Medlar tea can be prepared from its leaves and it is believed to eliminate kidney stones. Even more parts of the plant, like the bark and the flowers, are used by Iranians against fever, infections and diarrhea. The bark of the tree can reduce inflammation.

Culinary uses

The medlar can't be eaten straight away when ripe because it has a very hard flesh, with a high acidity. It becomes softer and sweeter if affected by frost or after a few weeks in storage, a process known as bletting. People who are not used to eating medlars might find the process confusing, since the fruit looks like it is spoiled. When it becomes ready to eat, the medlar's skin turns brown and develops wrinkles, while the pulp gets soft, which is a bad sign in other fruits.

At this point, the fruit becomes sweet enough to be consumed raw. Medlar jelly is a popular dessert dish often prepared from it. Another famous recipe is the so-called medlar cheese, which consists of a mix of fruit with butter and eggs and resembles lemon curd.

There is also a wine that can be made from the medlar fruit. It is a popular choice for jelly because of its very high content of pectin, which makes it very suitable for this purpose.

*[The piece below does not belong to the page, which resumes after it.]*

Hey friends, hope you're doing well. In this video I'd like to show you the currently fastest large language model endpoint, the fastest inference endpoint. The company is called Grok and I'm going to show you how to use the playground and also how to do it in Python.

The medlar tea is not actually made from this plant, but from goji, also known as the red medlar.

The medlar fruit can be stored for a long time if treated with a solution with a high content of salt, which prevents the development of fungus. After that, the fruits can be placed in a dry and cool location and will become edible after a few weeks. The fermentation process starts and can last for months, changing the aspect and consistency of the fruit. It remains edible during the entire period and it turns soft and dark brown. The flesh can simply be sucked from the skin, while the seeds remain inside it. The flesh has a special flavour but remains quite coarse even when soft.

Habitat and cultivation

The plant can adapt to almost any type of ground but likes the ones with good drainage and moisture and will grow best if the soil is fertile and there is plenty of sun. It is easily propagated from its own seeds, which should be planted just as they ripe, in late autumn.

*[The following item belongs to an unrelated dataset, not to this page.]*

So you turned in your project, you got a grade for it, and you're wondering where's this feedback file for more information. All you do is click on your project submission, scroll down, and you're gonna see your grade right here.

Seeds are protected by a very strong shell that is not affected by water. For this reason, it will only germinate after a long time, usually two years. To speed up the process, the coats are weakened with sulphuric acid, which enables water to penetrate the seeds and germinate faster. However, this is not easy to accomplish and is only done on a commercial scale usually.

An alternative solution for a gardener or farmer is to replicate the winter conditions that naturally break up the hard shell. The seed should be placed in warm water for one day, then stored for up to three months at temperatures between 1 and 5 degrees C and eventually sowed. Sometimes, a green seed can be used, by collecting it as soon as it is fully developed but before the outside layer is hardened. If picked at the right time and planted in a cold frame, the green seed might germinate much faster than a normal one. The new shoots should be transferred to separate pots as soon as they are big enough and placed in a cold frame to survive their first winter. After the winter they can be moved to their final location, at the end of spring or start of summer, after the danger of frost has passed.

Medlars can also be propagated using cuttings from the wood. These should be planted in a cold frame during November but the chance of success is low. Another option is layering, which requires about one year and a half and should be done at the start of spring or in the autumn.


Medlar fruits are especially good for the health of the heart, due to the perfect combination of essential nutrients. The fruit is rich in the compounds needed for a healthy heart, such as the vitamins A, B1, B2 and C. Consuming this fruit also boosts immunity since it is a great source of minerals like iron, magnesium, calcium and potassium. Medlar fruits are a good choice for a healthy diet and also provide important medical benefits, being low in carbohydrates and rich in proteins, pectin, natural organic acids and tannins. Consuming this fruit daily has an overall detoxifying effect and is especially helpful for people who suffer from diseases of the liver or kidneys.